9.Waiver and Amendment. No waiver of a right in any instance shall constitute a continuing waiver of successive rights, and any one waiver shall govern only the particular matters waived. Neither any provision of this Note nor any performance hereunder may be amended or waived except pursuant to an agreement in writing signed by the party against whom enforcement thereof is sought. Except as otherwise expressly provided in this Note, the Maker hereby waives diligence, demand, presentment for payment, protest, dishonor, nonpayment, default, notice of any and all of the foregoing, and any other notice or action otherwise required to be given or taken under the law in connection with the delivery, acceptance, performance, default, enforcement, or collection of this Note, and expressly agrees that this Note, or any payment hereunder, may be extended, modified, or subordinated (by forbearance or otherwise) from time to time, without in any way affecting the liability of the Maker. The Maker further waives the benefit of any exemption, appraisal, or insolvency laws, and consents that the Lender may release, surrender, exchange, or substitute any personal property or other collateral security now held or which may hereafter be held as security for the payment of this Note.

 

10.Governing Law. This Note shall be construed in accordance with and governed by the laws of the State of Florida except to the extent superseded by federal enactments.

 

11.Consent to Jurisdiction; Waiver of Jury Trial.
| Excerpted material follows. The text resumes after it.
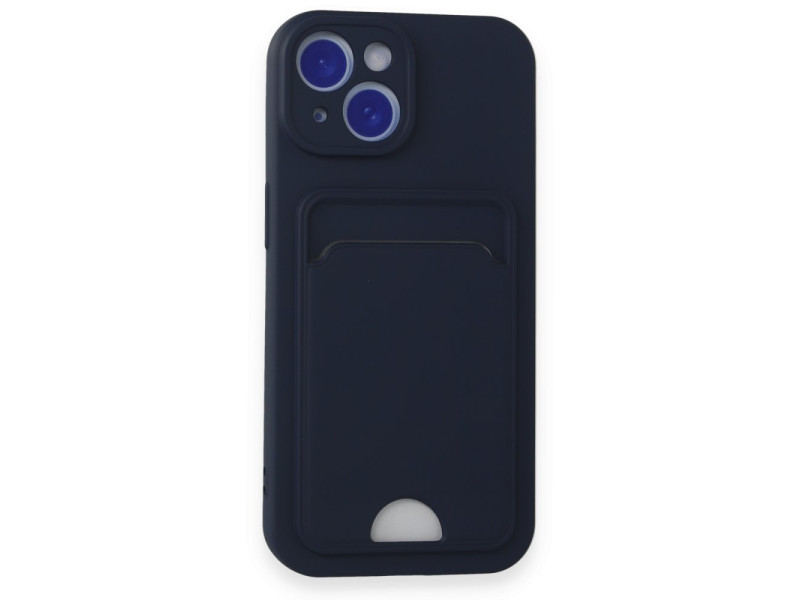 Newface iPhone 15 Kılıf Kelvin Kartvizitli Silikon - Lacivert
The Maker hereby consents to the exclusive jurisdiction of all courts of the State of Florida located in Broward County, Florida, and the United States District Court for the Southern District of Florida, as well as to the jurisdiction of all courts from which an appeal may be taken from such courts, for the purpose of any suit, action or other proceeding arising out of or with respect to this Note. The Maker hereby waives the right to interpose any counterclaims (other than compulsory counterclaims) in any action brought by the Lender hereunder, provided that this waiver shall not preclude the Maker from pursuing any such claims by means of separate proceedings. THE MAKER HEREBY EXPRESSLY WAIVES ANY AND ALL OBJECTIONS WHICH IT MAY HAVE AS TO VENUE IN ANY OF SUCH COURTS, AND ALSO WAIVES ALL RIGHTS TO TRIAL BY JURY IN ANY SUCH SUIT, ACTION, OR PROCEEDING. The Lender may file a copy of this Note as evidence of the foregoing waiver of right to jury trial.

 

12.Usury Savings Clause. All agreements between the Maker and the Lender are hereby expressly limited to provide that in no contingency or event whatsoever, whether by reason of acceleration of maturity of the indebtedness evidenced hereby or otherwise, shall the amount paid or agreed to be paid to the Lender for the use, forbearance, or detention of the indebtedness evidenced hereby exceed the maximum amount which the Lender is permitted to receive under applicable law. If, from any circumstances whatsoever, fulfillment of any provision hereof, at the time performance of such provision shall be due, shall involve transcending the limit of validity prescribed by law, then, ipso facto, the obligation to be fulfilled shall automatically be reduced to the limit of such validity, and if from any circumstance the Lender shall ever receive as interest an amount which would exceed the highest lawful rate, such amount which would be excessive interest shall be applied to the reduction of the Principal and not to the payment of Interest hereunder. To the extent permitted by applicable law, all sums paid or agreed to be paid for the use, forbearance, or detention of the indebtedness evidenced by this Note shall be amortized, prorated, allocated, and spread throughout the full term of such indebtedness until payment in full, to the end that the rate or amount of interest on account of such indebtedness does not exceed any applicable usury ceiling. As used herein, the term “applicable law” shall mean the law in effect as of the date hereof, provided, however, that in the event there is a change in the law which results in a higher permissible rate of interest, then this Note shall be governed by such new law as of its effective date. This provision shall control every other provision of all agreements between the Maker and the Lender.

 

13.Collection Costs. In the event that the Lender shall place this Note in the hands of an attorney for collection during the continuance of any Event of Default, the Maker shall further be liable to the Lender for all costs and expenses (including reasonable attorneys’ fees) which may be incurred by the Lender in enforcing this Note, all of which costs and expenses shall be obligations under and part of this Note; and the Lender may take judgment for all such amounts in addition to all other sums due hereunder.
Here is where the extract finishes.